Multiple studies have shown that severe maltreatment and a lack of significant attachment figures in the crucial early years lead to adverse brain development. These include changes in the hippocampus and prefrontal cortex (Bremner, 2001), with up to 19% decreased hippocampal volume in women with abuse and PTSD histories (Bremner et al., 2003). Changes in hippocampal volume are associated with chronic, ongoing stressors that began with an acute trauma (Bremner, 2005). Brain imaging studies of Romanian orphans revealed “significantly decreased metabolism bilaterally in the orbital frontal gyrus, the infralimbic prefrontal cortex, the medial temporal structures (amygdala and head of hippocampus), the lateral temporal cortex, and the brain stem” (p. 1290), concluding that early deprivation may lead to dysfunction of brain systems mediating cognitive and behavioral deficits (Chugani, Behen, Muzik, Juhasz, Nagy, & Chugani, 2001). De Bellis
(2001; De Bellis et al., 1999) found smaller intracranial and cerebral volumes in severely maltreated children, with a negative correlation of intracranial volumes and abuse duration, suggesting that there is a cumulative effect of trauma on brain development. As Schore (2002) described, clearly an individual with a history of severe maltreatment reacts to stress with compromised coping. The amygdala, when alerting the individual to a need for action, directly projects to the brain stem startle center, the more primitive part of the brain that reacts in a fight, flight, or freeze response. The orbito- frontal and medial frontal areas of the brain, which would normally help an individual regulate emotions and rationally think through a proper reaction, are unavailable.
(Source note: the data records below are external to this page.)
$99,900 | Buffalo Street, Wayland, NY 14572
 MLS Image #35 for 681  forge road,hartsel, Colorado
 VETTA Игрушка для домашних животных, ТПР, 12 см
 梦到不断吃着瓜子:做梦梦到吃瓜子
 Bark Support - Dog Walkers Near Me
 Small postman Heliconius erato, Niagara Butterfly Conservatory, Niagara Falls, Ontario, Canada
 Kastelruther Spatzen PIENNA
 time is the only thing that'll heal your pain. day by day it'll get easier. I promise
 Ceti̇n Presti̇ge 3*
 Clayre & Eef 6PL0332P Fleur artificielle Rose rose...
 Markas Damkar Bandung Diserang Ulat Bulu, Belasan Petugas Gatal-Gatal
In recent years, the neuroscience paradigm has taken the stage for trauma treatment (Johnson, 2009). Johnson noted that there are problems with this paradigm, too, including oversimplification of lateralization of the brain studies, inconclusive evidence on the causal effects of decreased brain volumes, and a lack of understanding of how neurohormones regulate stress related to trauma. Johnson cautioned that PTSD symptoms reflect the experience of traumatization, but a causal relationship between damage to the brain and symptoms has not been proven.